In the early 70’s – a time dominated by drugs, the Vietnam War and the Manson-Murders – a picture perfect pair of siblings embodies the other, the clean America: the Carpenters. Their sound is something entirely different compared to the contemporary rock music: Easy Listening, harmony driven songs, elaborate arrangements by Richard Carpenter and the characteristic vocals of his sister Karen. They sign their record deal with the highly respected label A&M Records when Karen is only 19 years old. One year later they are at the top of the charts. Another 13 years later Karen dies at the age of 32. The cause of her death is anorexia. Nowadays, anorexic models and popstars are a recurring topic in the mainstream media – Karen Carpenter is considered to be the first public figure to die from anorexia.
The documentary “TOO young TO DIE: Karen Carpenter” addresses the Carpenters success while simultaneously taking a look into the abyss behind the seemingly perfect facade of the superstars.

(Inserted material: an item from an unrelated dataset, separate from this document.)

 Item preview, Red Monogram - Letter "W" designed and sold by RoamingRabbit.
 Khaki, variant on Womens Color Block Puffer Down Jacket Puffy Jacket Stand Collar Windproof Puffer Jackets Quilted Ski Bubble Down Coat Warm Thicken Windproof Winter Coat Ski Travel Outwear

Karen’s story is the story of a woman, who had to fight throughout her whole life. Against her mother, who always preferred her brother. Against that same brother, who struggled with accepting that Karen’s voice – rather than his musical talent – was the decisive factor for their success. And against the public and the media, who drove her into her eating disorder.
The film portrays Karen’s life through her music, archival footage of her performances, and a series of interviews. Friends and companions of Karen remember shared moments, while contemporary authors and artists discuss how and why she inspires them until this day.